Sensitivities in Option Pricing Models
The inverse problem in finance consists of determining the unknown parameters of the pricing equation from the values quoted from the market. We formulate the inverse problem as a minimization problem for an appropriate cost function to minimize the difference between the solution of the model and the market observations. Efficient gradient based optimization requires accurate gradient estimation of the cost function. In this thesis we highlight the adjoint method for computing gradients of the cost function in the context of gradient based optimization and show its importance. We derive the continuous adjoint equations with appropriate boundary conditions for three main option pricing models: the Black-Scholes model, the Heston's model and the jump diffusion model, for European type options. These adjoint equations can be used to compute the gradient of the cost function accurately for parameter estimation problems.
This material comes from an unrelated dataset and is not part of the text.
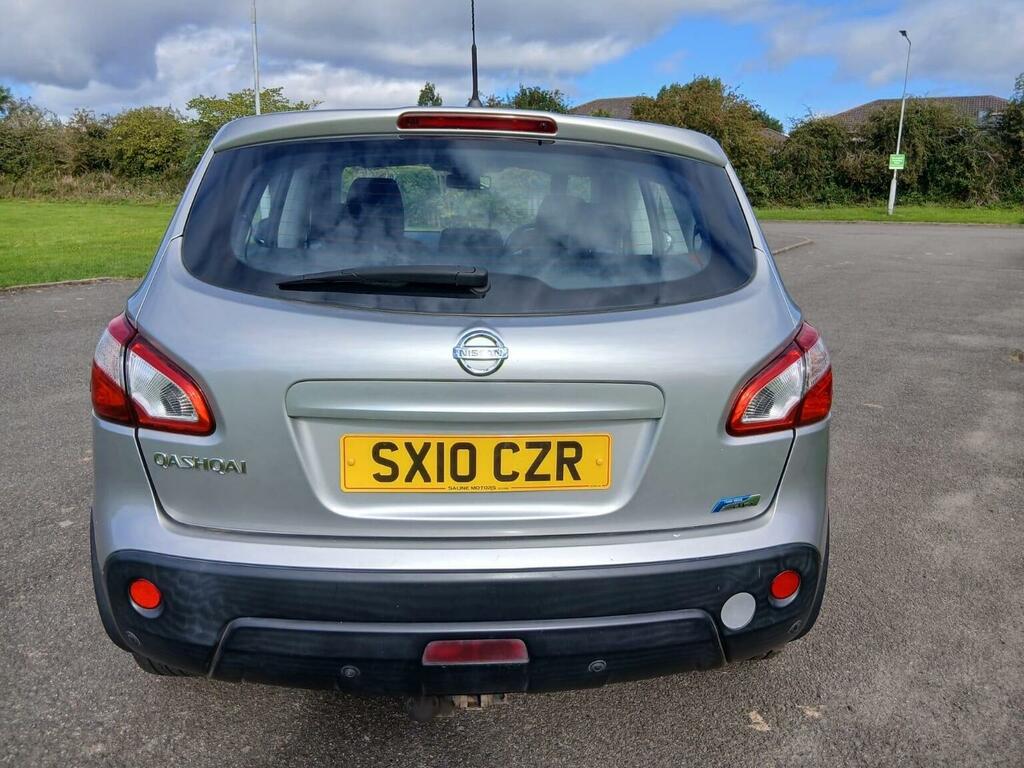 Nissan Qashqai 1.5 Acenta Dci 105 Bhp Black #8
The adjoint method allows efficient evaluation of the gradient of a cost function F(σ) with respect to parameters σ where F depends on σ indirectly, via an intermediate variable. Compared to the finite difference method and the sensitivity equation method, the adjoint equation method is very efficient in computing the gradient of the cost function. The sensitivity equations method requires solving a PDE corresponding to each parameter in the model to estimate the gradient of the cost function. The adjoint method requires solving a single adjoint equation once. Hence, for a large number of parameters in the model, the adjoint equation method is very efficient.
Due to its nature, the adjoint equation has to be solved backward in time. The adjoint equation derived from the jump diffusion model is harder to solve due to its non local integral term. But algorithms that can be used to solve the Partial Integro-Differential Equation (PIDE) derived from jump diffusion model can be modified to solve the adjoint equation derived from the PIDE.